Is this a response to my question about GA3C with LSTM? If so, the implicit assumption is that there are no fundamental issues that would complicate an endeavour to do so, for example by looking at the A3C implementations. Is this what you're saying? My understanding from the GA3C paper is that they consider it to be a fundamental approach and that A3C just happened to perform the best, so adding LSTM should not be a big deal. |
also, what would be a better venue to have discussions such as this one? Don't really want to clutter up the project issues. |
I simply meant - there exists a readily available corpus of tests conducted by professional researchers. Use it as you wish. Implementing LSTM policy is simply an engineering issue, albeit a moderately difficult one in this case. Have at it - and please publish if you get good results! There are other issues open in this repo, I believe, where there are already discussions around LSTM/GPU. |
Well, the "which ones should I try" was really offering my "services" to @swtyree: in case I make some more comparisons with my setup anyway it doesn't make a big difference to me which other roms I try, so if someone does have a preference, I might as well support that.

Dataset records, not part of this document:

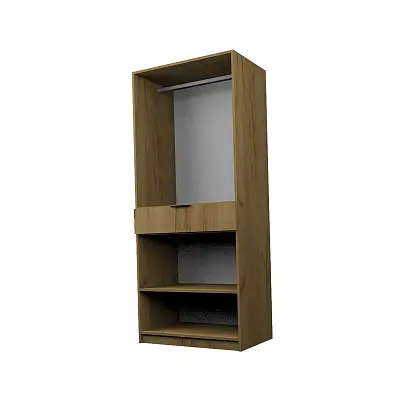 картинка Шкаф ЭКОН распашной 2-х дверный с ящиком со штангой с 2-мя зеркалами от магазина КУПИ КУПЕ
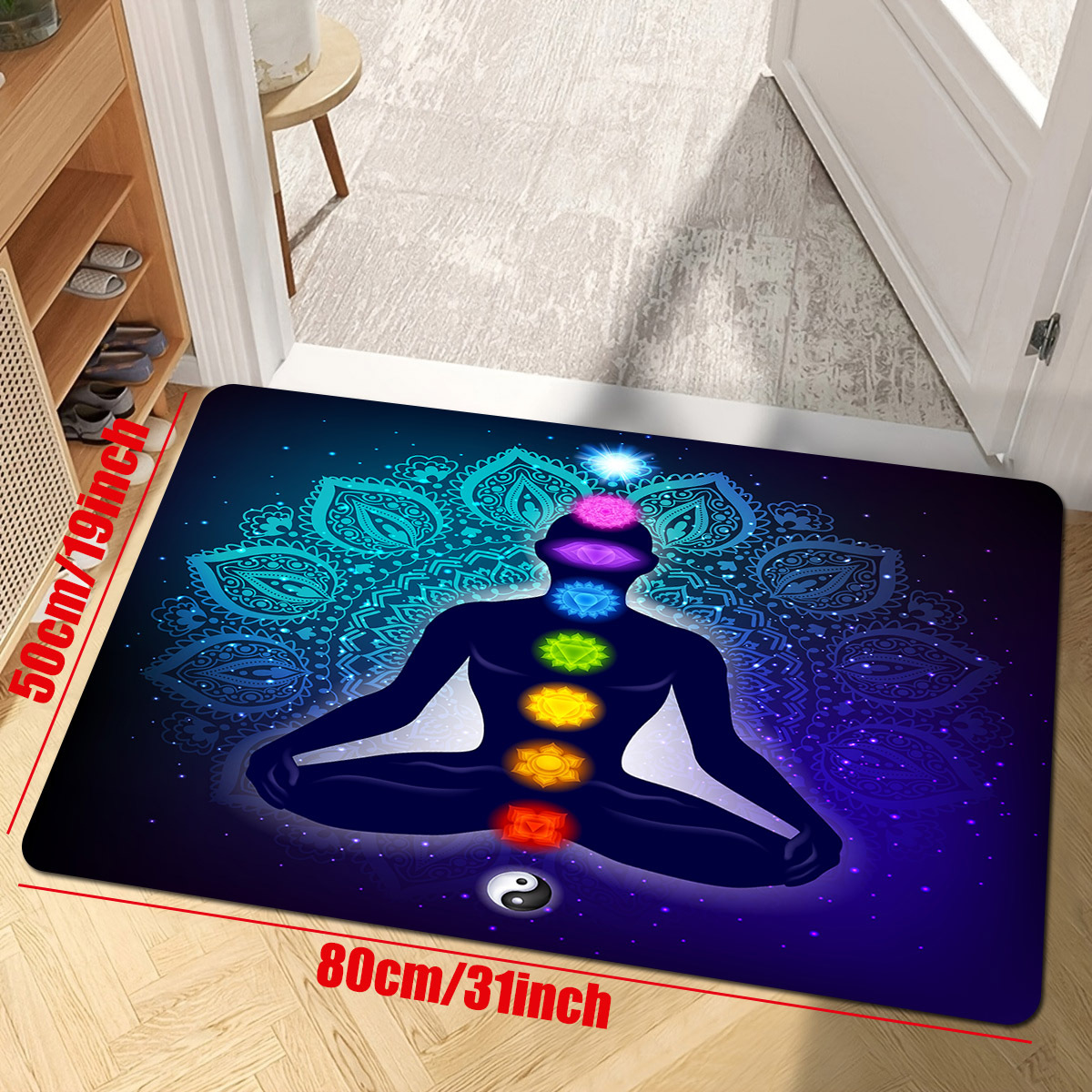 Throw Blanket Seven Chakra Yoga Meditation Zen Decor Blanket - Temu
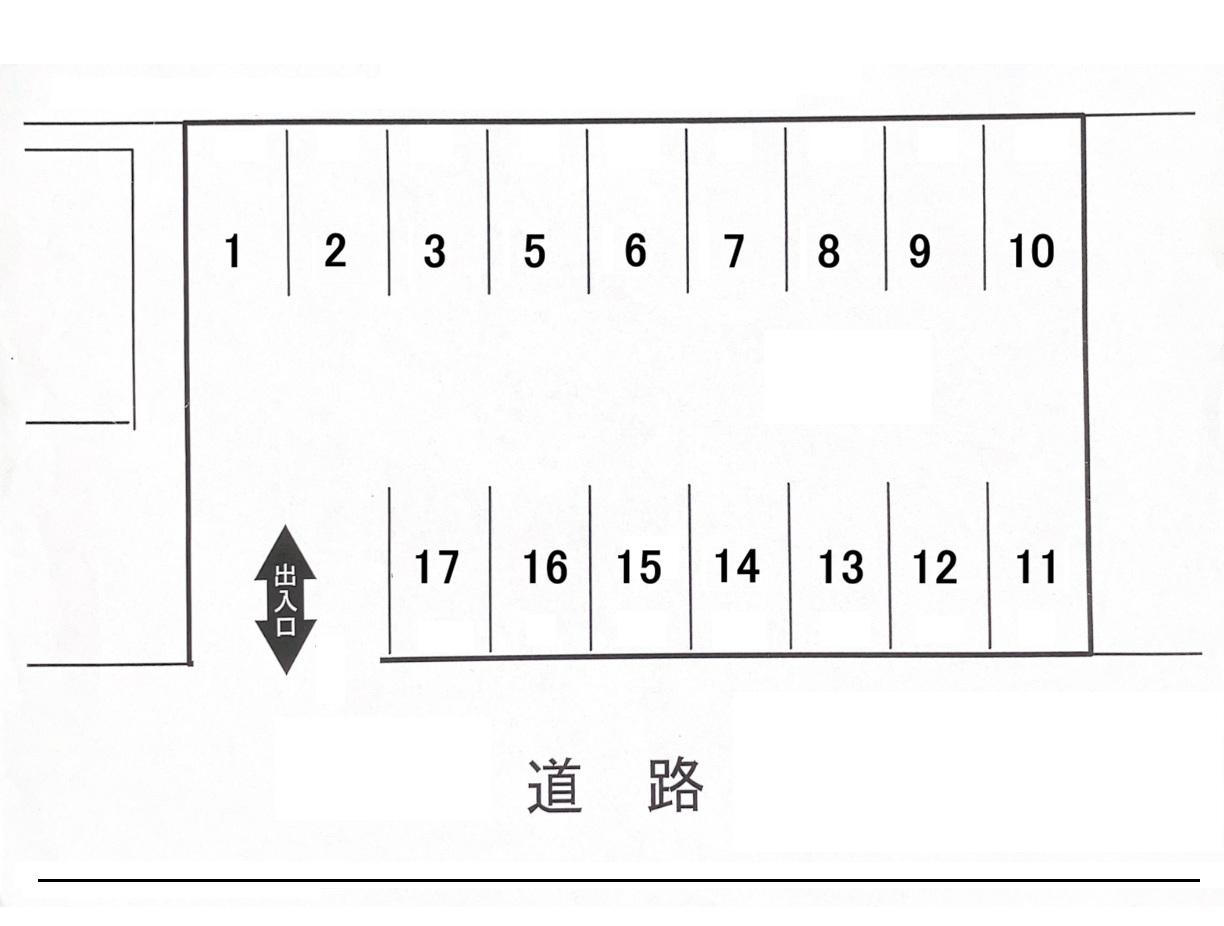 柿本(グリーンヒル②)駐車場の駐車配置図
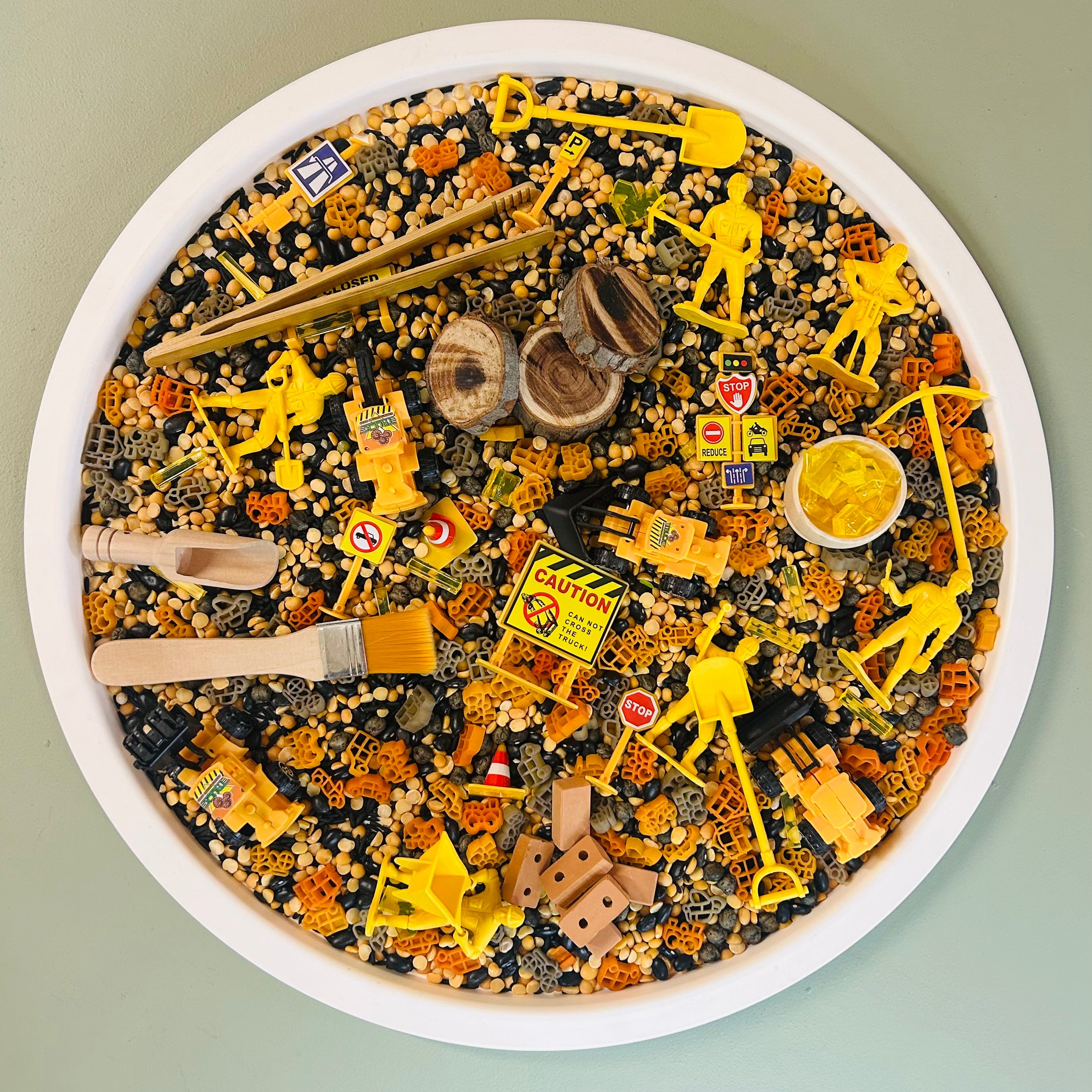 Pour and Play Sensory Set — OT-designed themed sensory play for children 3 years and older. Construction Set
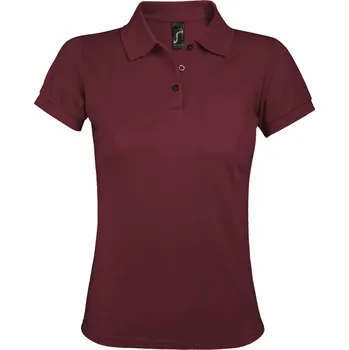 Dámské tričko SOĽS Prime Women Dámské polo triko SL00573 Burgundy L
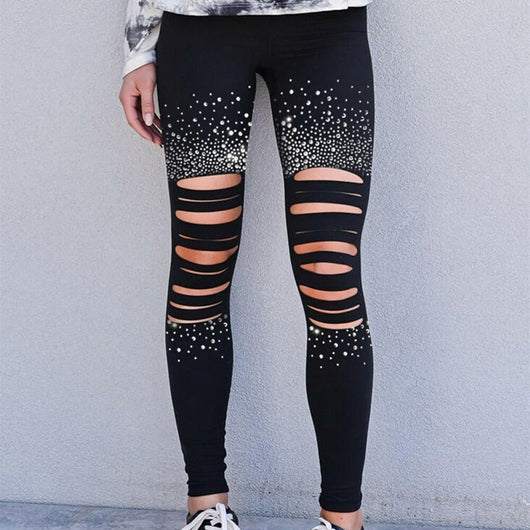 Pantalón Corset Cintura Alta con Detalles de Diamantes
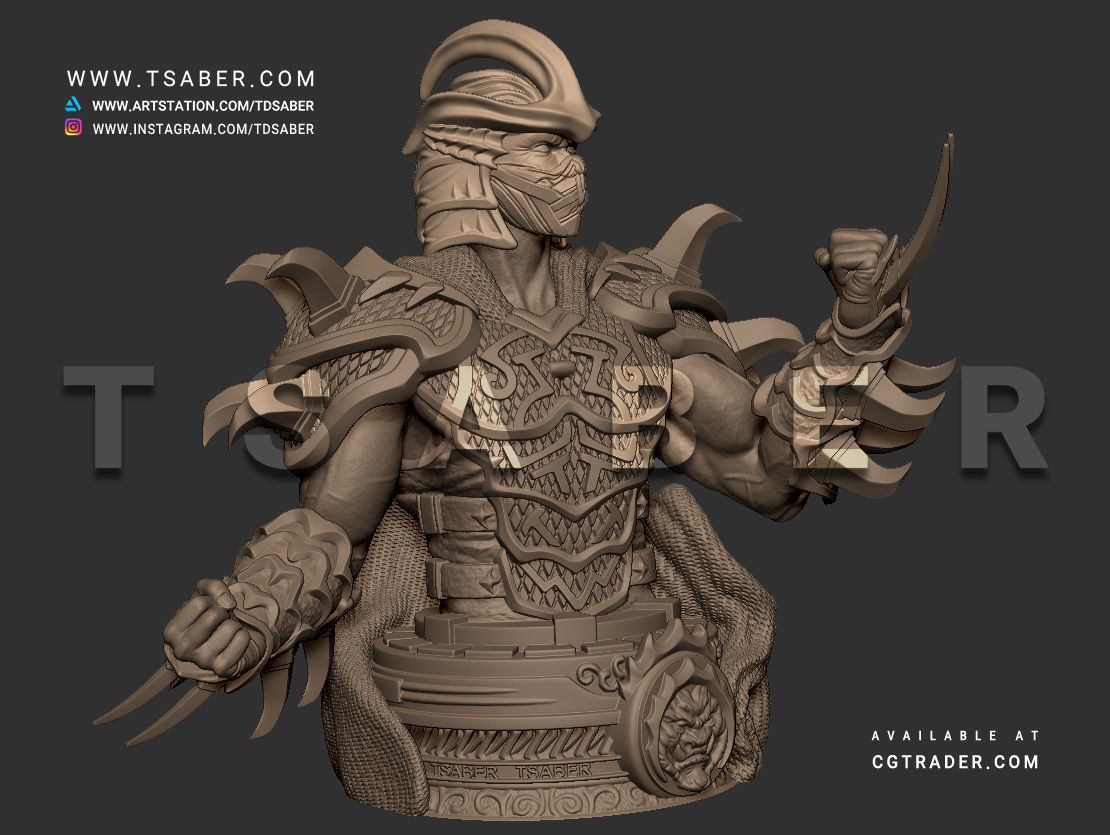 Shredder Bust - TMNT Collectibles 3D print model_16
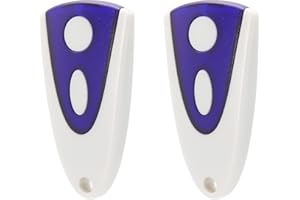 QIQIAZI 2PCS Garage Door Opener Remote Control Replacement for Novoferm Novotron 502 MAX43-2 Novotron 512 MIX43-2 433.92MHz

"Publish" sounds intimidating to me, but if I do get anything off the ground, I promise to put the source up on github; perhaps fork and PR here. I probably have to brush up my background in this area a little first (and I definitely have some things I'd like to do first, as mentioned before), so don't hold your breath.
I saw an issue on the universe starter agent, asking about GPU. It doesn't seem to have gone anywhere. |
Please check out the pull requests section. |
GAE being? All I get is Google App Engine, and I don't find a reference to the term in the A3C paper. Edit: Generalized Advantage Estimation.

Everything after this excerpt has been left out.